I think you're probably on the money - Semi-Slav against 1.d4 is good, and caro-kann or French defense against 1.e4 would be good, also. If you're playing the Caro against 1.e4, and you want a closed, "positional" game, then your biggest fear will probably be the panov-botvinnik attack, so I would study extra on those particular lines.
Do you prefer positional play because you don't do as well in open or sharper positions? If so, then there is one school of thought that says you'll improve the most by playing openings that work on your weaknesses. So rather than playing to your positional strengths, which won't improve your play in open and/or more tactical games, you should play open games in order to improve your skill in those kinds of positions.
I recently switched to 1. d4 after always being an 1. e4 player, in order to work on my positional play and get more experience in quieter positions than I typically sought with 1. e4, and I've improved as a result -- including after 1. e4 when I'm better able to take advantage of positional factors and steer the game into quieter lines that ensure long-term positional advantages.
Well, assuming you are an extremely positional player who loathes tactical minefields and complex positions with loads of theory, I'd suggest the following openings for Black:
For White, though you currently play 1. d4, switch to 1. e4 and play main lines of these openings:
So...you think I'm a nut for suggesting this to the positional player? Well, not really. Assuming your strong suit is positional play, you should work hard to improve your tactics. Play these openings for a year, and then switch back stronger than ever. I believe Kaidanov used this idea once to help him improve positionally, and when he returned to 1. e4, was stronger than ever.
Why play closed positions, when you can play open ones and win like those in the Parham?
thx any more suggestions?
i like the Guico Piano with c2-c3
For white I find the catalan tests my positional knowledge far more then QGD ever did. Though maybe that's because I was cheap and played the exchange variation with thoughts of f3. With the Catalan you are frequently sacrificing pawns for positional compensation, and it works!
For black I find the Slav to be much more effective at reaching a calm (what 'positional' usually means to people) understanding based game then the Semi-Slav. While some games with the semi-slav are extremely positional, many of the lines (such as after Bg5) are based more around preperation and concrete calculation then positional understanding.
The caro is probably right for you against e5. The French can become closed but it's struggles are based around fighting for the center, not locking the position and playing a closed game.
I like the Sicilian, Dragon Variation playing Nc6 before g7-g6
Im playing the trompowosky and the QGD
wow guy your kinda all over the board. You like positional play but like the dragon siclian? Thats like saying you dont like spicy food but love to eat scorpion peppers. (the worlds hottest pepper)

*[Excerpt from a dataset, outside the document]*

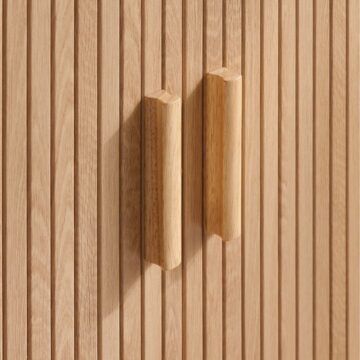 Aksel 2 Door Fluted Sideboard | Oak Finish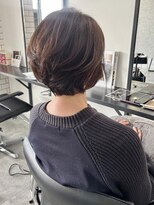 カンナ(CANNA)&nbsp;バッサリ♪ボリュームとくびれの大人のショートボブ♪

in all seriousness my advice is to play things you dont like. The reason people like or do like something is usually related to a lack of experience and knowledge in an area. best way to get better at sharp positions is play them! queens gambit can be very sharp btw just depends on how you play it.
I find the French to be orders of magnitude more likely than the Caro to lead to closed, locked positions. This is particularly true if you choose to play Nf6 against Nc3 and the Tarrasch. Pick that as a repertoire, and you get a locked pawn center and closed, strategic manouvering game against pretty much everything but the exchange.
woah don't advise catalan so early. Most don't get it yet. I agree with caro, but sometimes i tend to get blown up on the kingside...
Most don't "get" the Colle, either. Catalan games are fun. Let the guy enjoy his chess. This idea that certain openings ought to be "off limits" to all but the enlightened few is absurd.
I tried the french but its too aggressive. I liked the trompowosky d4 Nf6 Bg5
what about the Parham
thx i am playing the Caro-Kann as black but im really stuck on the Advance Variation and need some suggestions
why are you stuck? I think ACG nailed it on the head. EVERY OPENING has positional components and tactical ones. And no named opening is 100% tactical free. and every opening has sharp lines that are a tactical mess. Even tactical openings I often find that players that want to play positionally are just scared of tactics or are lazy and dont want to calculate (a personal weakness) . The problem is tacticals are based on positional issues I have felt like I have gotten positionally stronger now that I have sharpened my repertiore.
then itll become a closed french center
Very good. ACivilizedGentleman's post is the best advice. It is exactly on point. If you would like detailed insight in between the lines of what he advised you to do, I will gladly post it for you here. But, I am reasonably certain that you have "been there, done that."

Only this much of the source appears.